Top of Extracted data

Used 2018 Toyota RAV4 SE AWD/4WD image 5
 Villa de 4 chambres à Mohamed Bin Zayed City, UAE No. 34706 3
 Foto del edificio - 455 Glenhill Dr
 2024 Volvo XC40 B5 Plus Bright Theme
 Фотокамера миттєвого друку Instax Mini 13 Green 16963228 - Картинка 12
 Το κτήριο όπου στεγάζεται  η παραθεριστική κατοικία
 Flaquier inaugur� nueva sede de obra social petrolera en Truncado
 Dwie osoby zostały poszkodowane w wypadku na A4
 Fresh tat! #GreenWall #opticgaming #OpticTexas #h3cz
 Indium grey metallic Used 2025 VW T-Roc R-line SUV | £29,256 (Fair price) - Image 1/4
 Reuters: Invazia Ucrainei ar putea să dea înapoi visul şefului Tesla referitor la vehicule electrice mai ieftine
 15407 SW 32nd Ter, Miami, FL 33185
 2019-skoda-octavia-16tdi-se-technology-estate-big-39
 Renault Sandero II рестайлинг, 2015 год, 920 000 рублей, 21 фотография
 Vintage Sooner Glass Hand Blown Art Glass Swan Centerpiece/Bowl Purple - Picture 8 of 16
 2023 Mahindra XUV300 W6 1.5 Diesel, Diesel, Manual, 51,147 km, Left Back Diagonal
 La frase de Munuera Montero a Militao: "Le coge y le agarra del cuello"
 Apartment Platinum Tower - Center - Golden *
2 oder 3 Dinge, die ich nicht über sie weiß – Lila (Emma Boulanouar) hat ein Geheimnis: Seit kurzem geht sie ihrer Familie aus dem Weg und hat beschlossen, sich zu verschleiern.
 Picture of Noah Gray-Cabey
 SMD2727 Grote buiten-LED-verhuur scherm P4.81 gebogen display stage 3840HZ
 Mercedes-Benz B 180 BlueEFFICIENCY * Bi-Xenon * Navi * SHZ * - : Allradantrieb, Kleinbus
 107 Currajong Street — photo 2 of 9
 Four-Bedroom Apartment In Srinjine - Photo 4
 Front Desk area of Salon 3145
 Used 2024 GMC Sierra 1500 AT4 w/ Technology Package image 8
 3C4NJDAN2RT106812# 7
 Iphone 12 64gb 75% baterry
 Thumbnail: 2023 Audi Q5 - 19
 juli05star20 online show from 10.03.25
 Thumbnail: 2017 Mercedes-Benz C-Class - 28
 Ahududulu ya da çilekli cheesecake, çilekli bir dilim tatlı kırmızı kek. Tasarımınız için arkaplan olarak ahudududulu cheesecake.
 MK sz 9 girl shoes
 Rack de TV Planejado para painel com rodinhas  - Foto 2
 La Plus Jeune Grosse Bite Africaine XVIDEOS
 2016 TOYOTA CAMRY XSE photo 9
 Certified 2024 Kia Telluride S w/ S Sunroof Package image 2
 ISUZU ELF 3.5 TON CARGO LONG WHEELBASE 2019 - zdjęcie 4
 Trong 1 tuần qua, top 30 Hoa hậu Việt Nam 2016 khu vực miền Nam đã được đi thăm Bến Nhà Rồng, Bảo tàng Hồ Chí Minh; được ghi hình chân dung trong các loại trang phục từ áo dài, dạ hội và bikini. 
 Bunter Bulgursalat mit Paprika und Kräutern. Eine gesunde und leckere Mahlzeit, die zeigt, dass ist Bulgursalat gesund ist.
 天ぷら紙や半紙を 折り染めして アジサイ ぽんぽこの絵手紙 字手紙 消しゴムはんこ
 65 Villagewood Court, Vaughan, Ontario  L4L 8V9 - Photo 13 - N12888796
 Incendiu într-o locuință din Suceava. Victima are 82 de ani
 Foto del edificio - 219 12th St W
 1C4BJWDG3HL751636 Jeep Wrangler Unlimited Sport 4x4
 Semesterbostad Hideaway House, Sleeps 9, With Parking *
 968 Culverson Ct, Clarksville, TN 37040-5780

Bottom of Extracted data

### Task
Check each line of the listing above. Copy it if it holds the string "Apartment".

### Result
 Apartment Platinum Tower - Center - Golden *
 Four-Bedroom Apartment In Srinjine - Photo 4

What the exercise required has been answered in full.